運送会社の負担となる再配達問題とは
ネットショッピングの普及によって、近年深刻さを増している再配達問題。不在や荷物の受け取り拒否により、同じ荷物を再度配送する必要が生じ、燃料費、人件費、車両維持費などのコストが増大している問題です。2024年4月には「働き方改革関連法」によってドライバーの勤務時間上限が規制され、さらなる効率化が求められている運送会社。そんな中で増え続ける再配達が、大きな負担となっています。受取人の都合に合わせた配送時間の調整、コンビニや宅配ロッカーでの受け取り、配送通知システムの導入などにより問題の改善が進められています。
再配達問題の原因
再配達問題の主な原因は、現代の生活スタイルと配送システムの不一致にあります。多くの人が日中は仕事や学業で家を不在にしていますが、ネットショップでは配達日時が指定できない荷物も多いのが現状です。家にいる時間に配達を頼めないので、一度不在通知をもらい、再配達を依頼するしかありません。共働きや不規則な勤務時間といったライフスタイルの多様化により、家を空ける時間が多い家庭もあるため、受け取れる時間帯が非常に限られてしまう課題もあります。

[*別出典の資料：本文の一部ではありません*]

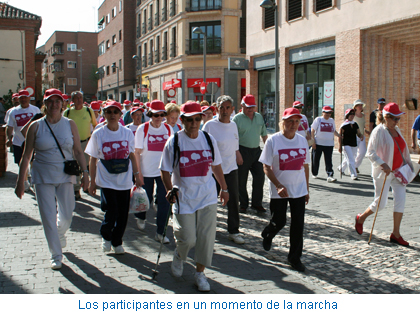 Los participantes en un momento de la marcha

また、商品を注文してから届くまでに一定期間が空くため、いつ届くのかを把握しづらい点も。このような点が再配達を増加させる要因となっています。
再配達有料化の可能性もある?
再配達有料化は、消費者の行動変容を促す有効な方法として注目されています。顧客に追加費用を課すことで、事前に受取りの準備や配達時間の調整を促し、再配達を減らす効果を期待するものです。一方で、消費者からの反発やサービス品質に対する不満も懸念されています。しかし、環境負荷の軽減と運送会社のコスト削減の観点から、段階的な導入や一定回数以上の再配達に対する料金設定などが検討されているのが現状です。
再配達を減らす運送会社の対策
運送会社は再配達を減らすため、さまざまな対策を講じています。スマートフォンアプリによるリアルタイムの配達追跡や、正確な配達予定時間の通知を強化。コンビニや宅配ロッカー、勤務先への配送、配送時間の細かな指定など、受取人の利便性を高めるサービスを拡充しています。さらに、AIを活用した配送ルート設計や、配達員の効率的な勤務シフト管理、配送データの分析により、再配達の発生を事前に予測し、予防する取り組みも進めています。
国土交通省の再配達問題への取り組み
国土交通省は再配達問題の解決に向けて、一度の配達での受け取りを促すキャンペーン「COOL CHOICE」を実施。再配達によってどのような損失が生じているのか、利用者一人ひとりができることは何か、などを発信しています。また宅配便の再配達率のサンプル調査を定期的に実施。データを元に再配達削減に向けた対策を講じています。